ENTRIES SHOWN
»»
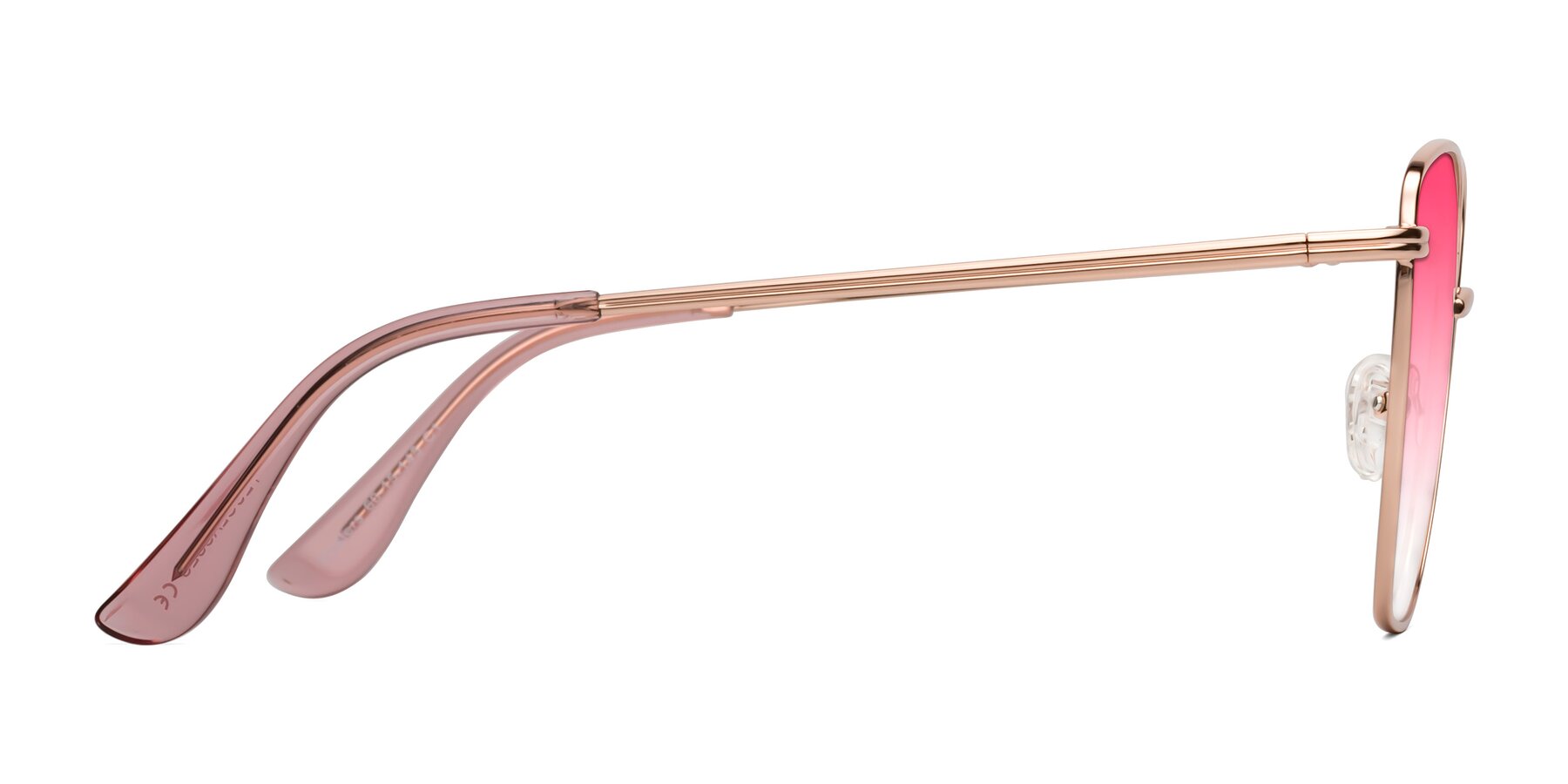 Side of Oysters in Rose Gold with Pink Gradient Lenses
««
»»
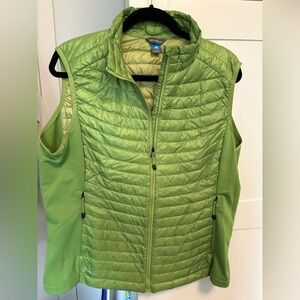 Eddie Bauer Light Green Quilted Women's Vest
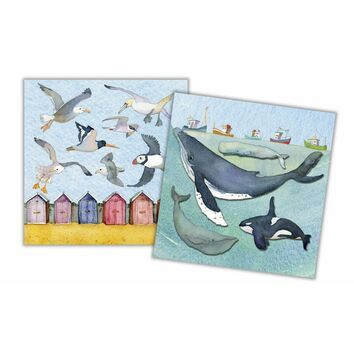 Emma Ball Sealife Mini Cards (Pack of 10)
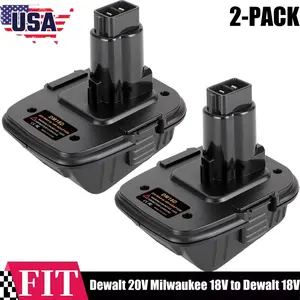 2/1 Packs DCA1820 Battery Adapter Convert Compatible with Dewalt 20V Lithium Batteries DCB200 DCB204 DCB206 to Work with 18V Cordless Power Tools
««
»»
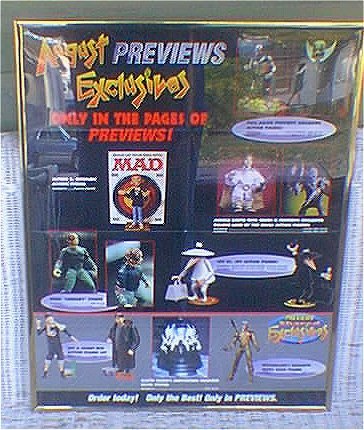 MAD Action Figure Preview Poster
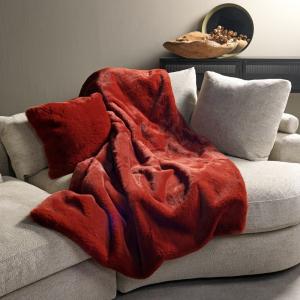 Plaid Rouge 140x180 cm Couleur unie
««
WHAT TO WORK ON
The answer should consist only of the lines above from the one with "MAD Action Figure Preview Poster" through the one with "Plaid Rouge 140x180 cm Couleur unie", repeated exactly, with no pictures among them.

TASK ANSWER
 MAD Action Figure Preview Poster
 Plaid Rouge 140x180 cm Couleur unie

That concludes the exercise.